Surgery followed by 131I ablative therapy (IAT) is the usual treatment for patients with differentiated thyroid carcinoma (DTC). Thyroglobulin levels obtained 912 months after IAT under TSH stimulation (Tg2) is a very reliable marker for the presence of thyroid tissue. The value of stimulated thyroglobulin previous to ablation (Tg1) is more controversial. The aim of this study was to examine the relationship between Tg1 and Tg2.
Material and methods: Seventy-five patients treated for a DTC between 2001 and 2006 were studied. All patients had undergone total o near-total thyroidectomy followed by IAT after thyroid hormone withdrawl or stimulation with Thyrogen. Serum TSH, Tg and Tg antibodies (Tg Ab) were measured postoperatively just before IAT or three days after the second dose of Thyrogen and 9-12 months after ablation with stimulation of TSH. Serum Tg was measured by inmunoradiometric assay with functional sensitivity of 0.5 ng/ml.

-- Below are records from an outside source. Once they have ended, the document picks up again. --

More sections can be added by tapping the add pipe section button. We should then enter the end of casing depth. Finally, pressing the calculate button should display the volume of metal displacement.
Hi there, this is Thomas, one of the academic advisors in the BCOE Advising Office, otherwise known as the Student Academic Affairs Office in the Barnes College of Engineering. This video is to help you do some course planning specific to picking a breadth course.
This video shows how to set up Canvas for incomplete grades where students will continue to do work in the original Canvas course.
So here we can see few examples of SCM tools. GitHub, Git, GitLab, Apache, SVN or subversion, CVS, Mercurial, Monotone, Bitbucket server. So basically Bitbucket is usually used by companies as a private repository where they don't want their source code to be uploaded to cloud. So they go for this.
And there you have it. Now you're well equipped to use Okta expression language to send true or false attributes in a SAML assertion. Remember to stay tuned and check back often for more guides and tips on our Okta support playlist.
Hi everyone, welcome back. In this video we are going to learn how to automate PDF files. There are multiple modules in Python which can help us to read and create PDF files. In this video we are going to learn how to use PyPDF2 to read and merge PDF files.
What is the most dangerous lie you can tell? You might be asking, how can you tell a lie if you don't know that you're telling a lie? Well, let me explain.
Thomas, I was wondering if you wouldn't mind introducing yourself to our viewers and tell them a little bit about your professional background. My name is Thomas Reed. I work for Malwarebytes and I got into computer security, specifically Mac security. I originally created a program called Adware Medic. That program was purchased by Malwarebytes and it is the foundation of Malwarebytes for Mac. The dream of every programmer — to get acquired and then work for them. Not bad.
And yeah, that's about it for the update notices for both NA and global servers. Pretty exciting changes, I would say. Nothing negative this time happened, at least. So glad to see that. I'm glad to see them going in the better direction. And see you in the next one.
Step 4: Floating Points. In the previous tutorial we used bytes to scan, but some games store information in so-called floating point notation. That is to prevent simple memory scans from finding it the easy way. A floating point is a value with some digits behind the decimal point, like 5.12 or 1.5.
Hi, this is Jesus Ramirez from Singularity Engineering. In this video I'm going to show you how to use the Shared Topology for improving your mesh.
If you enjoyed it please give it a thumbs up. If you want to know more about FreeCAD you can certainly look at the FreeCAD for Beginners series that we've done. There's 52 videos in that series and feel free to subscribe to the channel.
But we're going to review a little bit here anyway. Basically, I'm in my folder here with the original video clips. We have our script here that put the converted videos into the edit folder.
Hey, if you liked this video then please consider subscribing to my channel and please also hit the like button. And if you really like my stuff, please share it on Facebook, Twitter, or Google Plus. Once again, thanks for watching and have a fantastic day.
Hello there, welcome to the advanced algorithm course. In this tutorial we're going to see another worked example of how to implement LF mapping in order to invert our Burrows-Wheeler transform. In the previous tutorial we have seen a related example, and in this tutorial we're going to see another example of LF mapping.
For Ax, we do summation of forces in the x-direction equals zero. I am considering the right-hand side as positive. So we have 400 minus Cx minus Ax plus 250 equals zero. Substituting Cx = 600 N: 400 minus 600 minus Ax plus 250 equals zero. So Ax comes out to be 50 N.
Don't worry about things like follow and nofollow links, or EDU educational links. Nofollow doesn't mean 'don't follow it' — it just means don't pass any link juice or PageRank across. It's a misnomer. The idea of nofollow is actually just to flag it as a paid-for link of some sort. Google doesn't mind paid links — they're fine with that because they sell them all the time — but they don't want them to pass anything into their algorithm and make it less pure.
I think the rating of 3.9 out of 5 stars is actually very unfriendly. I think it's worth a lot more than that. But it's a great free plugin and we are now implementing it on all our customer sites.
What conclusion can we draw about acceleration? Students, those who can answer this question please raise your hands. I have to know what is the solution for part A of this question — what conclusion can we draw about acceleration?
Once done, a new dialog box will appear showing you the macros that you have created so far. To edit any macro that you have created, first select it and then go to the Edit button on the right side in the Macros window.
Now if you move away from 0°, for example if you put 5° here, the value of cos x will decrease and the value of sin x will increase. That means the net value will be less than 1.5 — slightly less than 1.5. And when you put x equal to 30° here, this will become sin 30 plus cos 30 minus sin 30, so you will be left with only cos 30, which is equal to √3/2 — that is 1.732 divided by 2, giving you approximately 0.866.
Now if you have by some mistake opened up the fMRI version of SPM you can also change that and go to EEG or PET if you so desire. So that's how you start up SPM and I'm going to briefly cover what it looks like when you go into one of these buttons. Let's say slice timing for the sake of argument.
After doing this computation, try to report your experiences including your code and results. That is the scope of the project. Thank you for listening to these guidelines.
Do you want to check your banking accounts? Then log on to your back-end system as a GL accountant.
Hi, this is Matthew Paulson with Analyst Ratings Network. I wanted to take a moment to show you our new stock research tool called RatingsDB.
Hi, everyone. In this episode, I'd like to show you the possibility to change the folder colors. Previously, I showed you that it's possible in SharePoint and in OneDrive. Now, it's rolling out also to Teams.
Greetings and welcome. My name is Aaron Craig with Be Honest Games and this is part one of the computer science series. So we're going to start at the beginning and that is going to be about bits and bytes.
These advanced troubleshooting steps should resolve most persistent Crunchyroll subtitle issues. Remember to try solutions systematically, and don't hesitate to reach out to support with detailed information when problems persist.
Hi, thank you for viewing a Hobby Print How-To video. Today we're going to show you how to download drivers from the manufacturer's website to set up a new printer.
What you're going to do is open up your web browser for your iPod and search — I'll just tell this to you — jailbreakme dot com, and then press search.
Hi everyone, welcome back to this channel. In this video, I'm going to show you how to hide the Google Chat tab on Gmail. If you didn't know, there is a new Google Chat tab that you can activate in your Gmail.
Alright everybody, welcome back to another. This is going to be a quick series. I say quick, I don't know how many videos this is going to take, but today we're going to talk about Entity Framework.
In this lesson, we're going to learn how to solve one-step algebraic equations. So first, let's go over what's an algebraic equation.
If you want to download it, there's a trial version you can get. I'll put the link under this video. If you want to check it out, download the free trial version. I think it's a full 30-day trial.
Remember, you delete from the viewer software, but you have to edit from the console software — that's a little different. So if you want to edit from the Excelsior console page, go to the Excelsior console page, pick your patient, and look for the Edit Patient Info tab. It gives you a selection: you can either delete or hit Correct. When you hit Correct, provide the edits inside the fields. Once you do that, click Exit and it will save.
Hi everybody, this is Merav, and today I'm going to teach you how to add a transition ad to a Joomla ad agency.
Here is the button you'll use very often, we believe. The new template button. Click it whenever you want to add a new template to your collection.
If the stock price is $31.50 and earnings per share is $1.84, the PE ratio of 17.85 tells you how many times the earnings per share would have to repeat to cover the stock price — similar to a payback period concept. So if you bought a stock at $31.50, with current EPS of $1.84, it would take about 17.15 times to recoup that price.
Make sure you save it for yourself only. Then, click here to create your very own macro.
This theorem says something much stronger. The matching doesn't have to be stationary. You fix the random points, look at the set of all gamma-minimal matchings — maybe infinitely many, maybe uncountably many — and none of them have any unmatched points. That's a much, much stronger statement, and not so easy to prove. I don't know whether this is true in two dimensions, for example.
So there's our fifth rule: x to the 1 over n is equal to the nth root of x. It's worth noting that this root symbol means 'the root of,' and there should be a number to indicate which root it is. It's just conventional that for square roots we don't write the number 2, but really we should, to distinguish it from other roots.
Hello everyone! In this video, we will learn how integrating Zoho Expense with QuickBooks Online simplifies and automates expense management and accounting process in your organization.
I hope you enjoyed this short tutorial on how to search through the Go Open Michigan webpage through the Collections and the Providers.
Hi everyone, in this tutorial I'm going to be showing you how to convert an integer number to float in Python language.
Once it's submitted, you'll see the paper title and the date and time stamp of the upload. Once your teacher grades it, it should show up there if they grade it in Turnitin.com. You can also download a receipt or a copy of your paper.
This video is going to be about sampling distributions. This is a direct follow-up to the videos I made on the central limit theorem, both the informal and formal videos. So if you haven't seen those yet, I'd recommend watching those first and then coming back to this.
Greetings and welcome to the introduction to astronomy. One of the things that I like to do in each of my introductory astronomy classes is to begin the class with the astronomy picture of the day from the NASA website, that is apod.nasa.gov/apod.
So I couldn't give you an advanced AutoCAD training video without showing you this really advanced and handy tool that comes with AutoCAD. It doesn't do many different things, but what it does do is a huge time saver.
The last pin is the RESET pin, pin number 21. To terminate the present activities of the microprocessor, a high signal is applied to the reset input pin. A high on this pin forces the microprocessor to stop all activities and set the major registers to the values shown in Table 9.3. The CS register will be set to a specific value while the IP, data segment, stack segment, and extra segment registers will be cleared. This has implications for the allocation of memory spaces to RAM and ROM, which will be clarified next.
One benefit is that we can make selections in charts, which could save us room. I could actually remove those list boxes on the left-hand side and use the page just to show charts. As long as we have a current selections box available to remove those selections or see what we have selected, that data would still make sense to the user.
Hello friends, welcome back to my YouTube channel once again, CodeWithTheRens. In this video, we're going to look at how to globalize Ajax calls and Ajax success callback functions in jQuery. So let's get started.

Results: Twenty-four patients were excluded: 1 with evidence of macroscopic disease, 5 with TgAb positive, 8 patients in which TgAb were not measured and 10 who had not Tg2 done. The remaining 51 were divided in three groups as follows: Group 1 (n=11) Tg1 between 0 and 1 ng/ml: all of them had Tg2 <1 ng/ml; Group 2 (n=21) Tg1 between 1 and 5 ng/ml: 2 presented Tg2 >1 ng/ml; Group 3 (n=19) Tg1 >5 ng/ml: 6 with Tg2 >1 ng/ml. 131I uptake outside the thyroid bed was demonstrated in 3 patients in group 1, 5 in group 2 and 10 in group 3.
Discussion: The prognostic value of the Tg levels measured just before IAT is often debated because of the presence of thyroid remnants that contribute to the Tg synthesis. In our series, patients with Tg levels <2 ng/ml before IAT did not show Tg >1 ng/ml 912 months post ablation.